_Source data_:
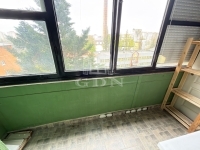 Székesfehérvár Locuinta (panel) 13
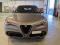 preview Alfa Romeo Stelvio #5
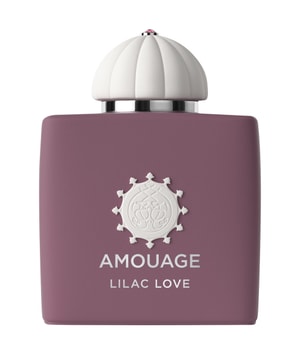 amouage lilac love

_Activity_: The response must repeat all the lines above exactly and include no pictures.

_Answer section_:
 Székesfehérvár Locuinta (panel) 13
 preview Alfa Romeo Stelvio #5
 amouage lilac love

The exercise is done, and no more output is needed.